DATASET SECTION Start Marker

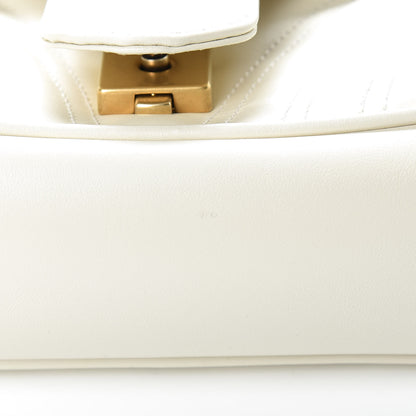 Gucci Calfskin Matelasse Small GG Marmont Shoulder Bag White 11 of 13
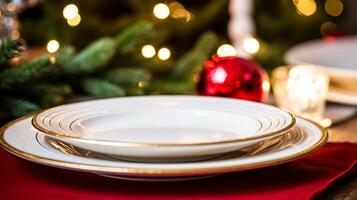 ai generiert Geschirr und Geschirr einstellen zum Winter Urlaub Familie Abendessen, Weihnachten Haushaltswaren Dekor zum Ferien im das Englisch Land Haus, Geschenk einstellen und Zuhause Styling foto
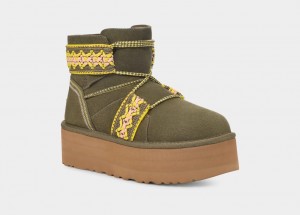 Olive Ugg Classic Mini II Braid Women Platform Boots | 024751-NHZ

DATASET SECTION End Marker

Without the pictures, write out every line above exactly as it appears.

[EXERCISE RESPONSE]
 Gucci Calfskin Matelasse Small GG Marmont Shoulder Bag White 11 of 13
 ai generiert Geschirr und Geschirr einstellen zum Winter Urlaub Familie Abendessen, Weihnachten Haushaltswaren Dekor zum Ferien im das Englisch Land Haus, Geschenk einstellen und Zuhause Styling foto
 Olive Ugg Classic Mini II Braid Women Platform Boots | 024751-NHZ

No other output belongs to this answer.